From the records that follow, return exactly the lines beginning at the one that contains "Presa ibérica marinada" and ending at the one that contains "kitchen featuring light", pictures left out.
*** Opening of Information ***
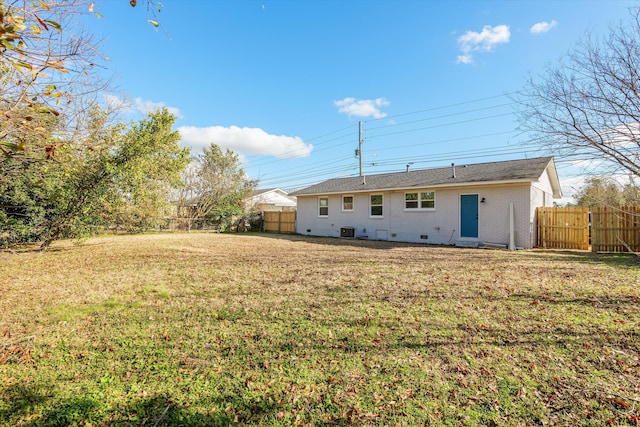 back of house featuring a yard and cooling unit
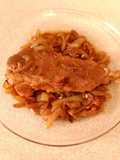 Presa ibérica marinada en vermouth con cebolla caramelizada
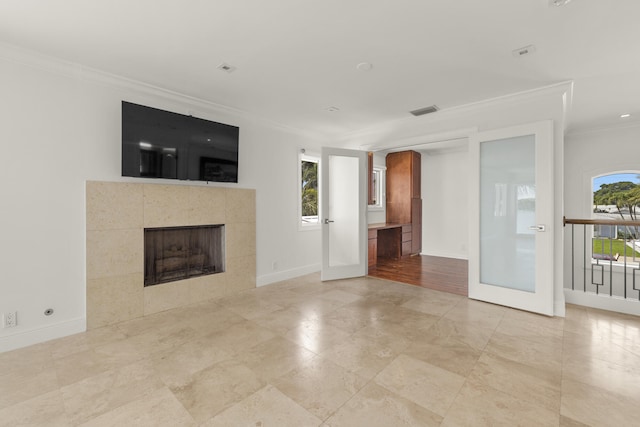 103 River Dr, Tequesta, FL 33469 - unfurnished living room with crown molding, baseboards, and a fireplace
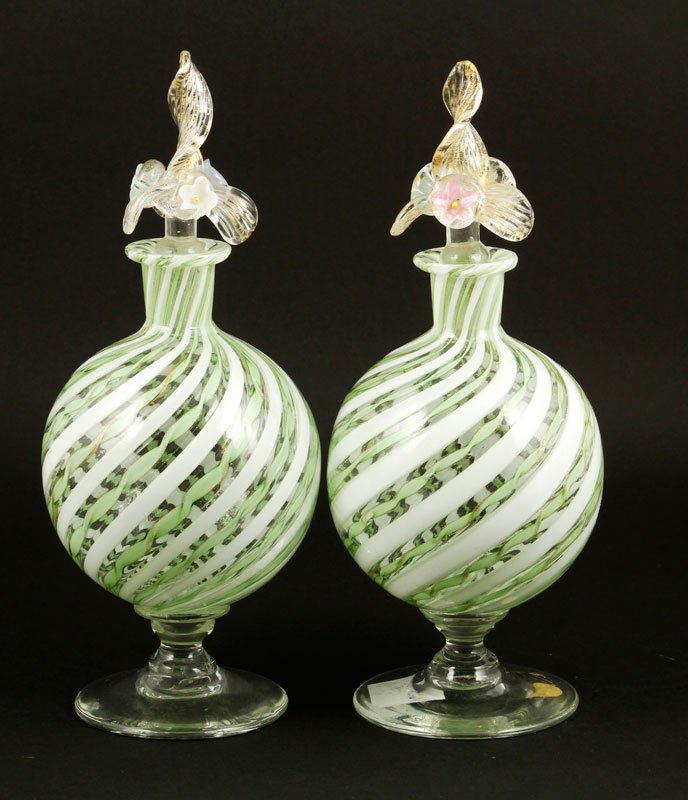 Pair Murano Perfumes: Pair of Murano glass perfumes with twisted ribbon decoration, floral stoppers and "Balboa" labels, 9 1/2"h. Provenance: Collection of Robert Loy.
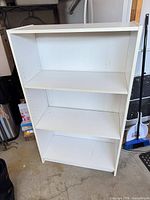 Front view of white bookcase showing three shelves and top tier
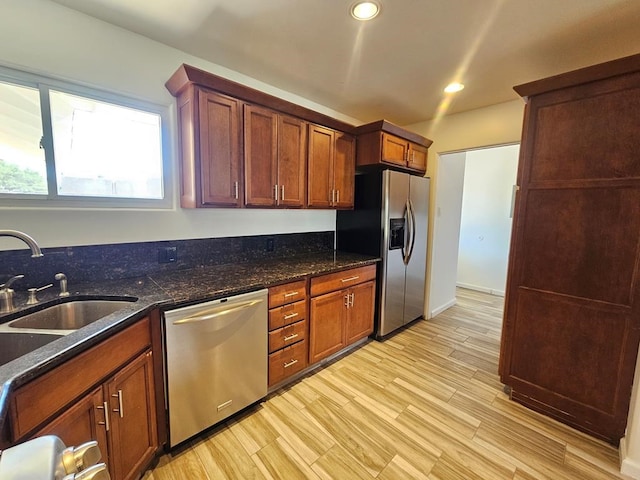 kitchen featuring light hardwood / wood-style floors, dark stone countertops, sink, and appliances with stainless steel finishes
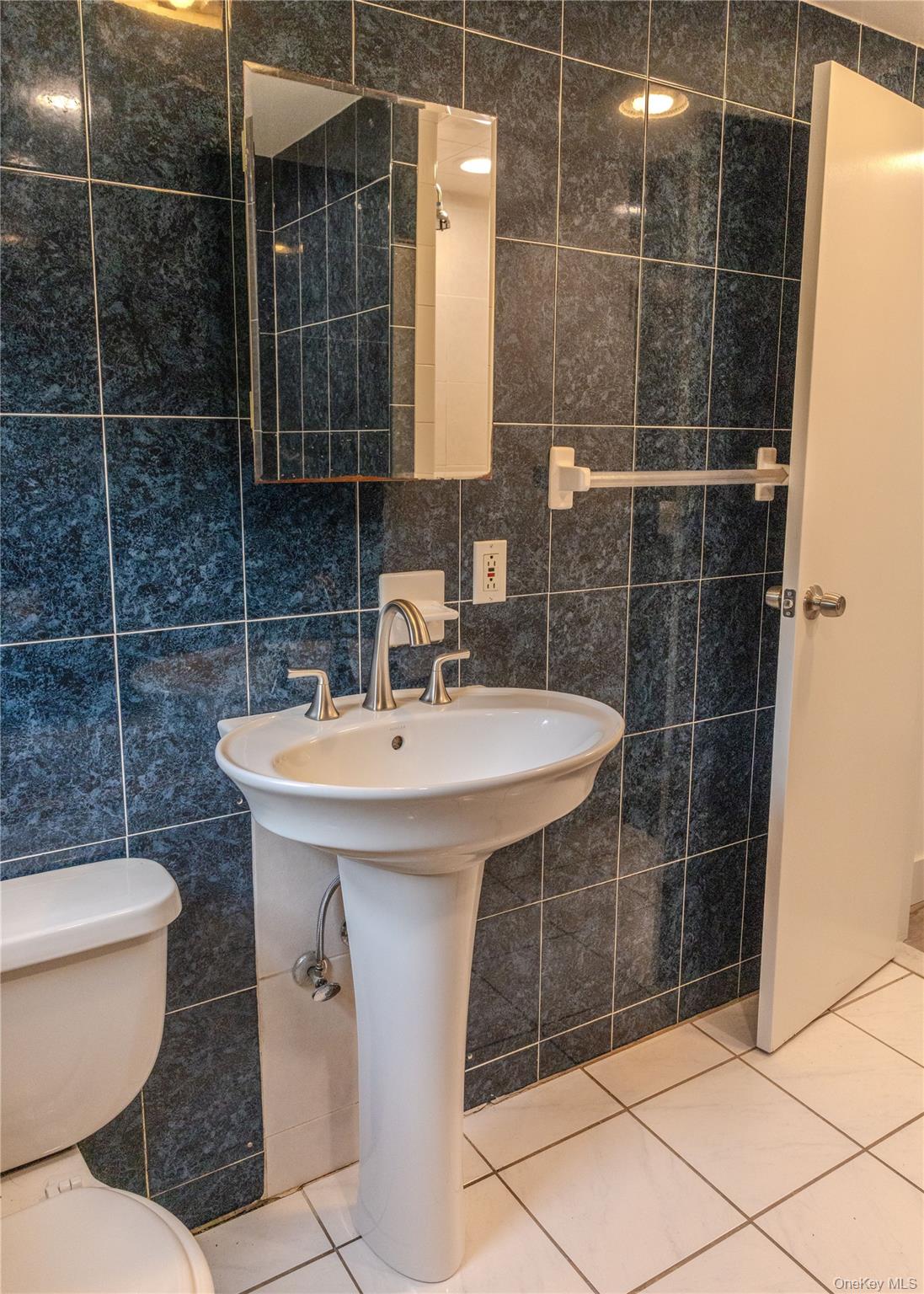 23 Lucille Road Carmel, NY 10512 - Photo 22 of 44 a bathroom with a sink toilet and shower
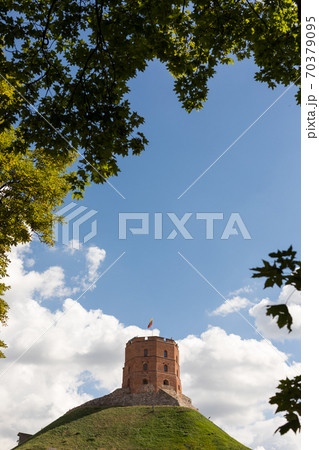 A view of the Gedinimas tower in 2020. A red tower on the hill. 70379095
*** Close of Information ***
*** Opening of Information ***
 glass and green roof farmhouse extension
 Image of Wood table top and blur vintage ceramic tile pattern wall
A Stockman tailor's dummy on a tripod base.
*** Close of Information ***
Reply –
 Presa ibérica marinada en vermouth con cebolla caramelizada
 103 River Dr, Tequesta, FL 33469 - unfurnished living room with crown molding, baseboards, and a fireplace
 Pair Murano Perfumes: Pair of Murano glass perfumes with twisted ribbon decoration, floral stoppers and "Balboa" labels, 9 1/2"h. Provenance: Collection of Robert Loy.
 Front view of white bookcase showing three shelves and top tier
 kitchen featuring light hardwood / wood-style floors, dark stone countertops, sink, and appliances with stainless steel finishes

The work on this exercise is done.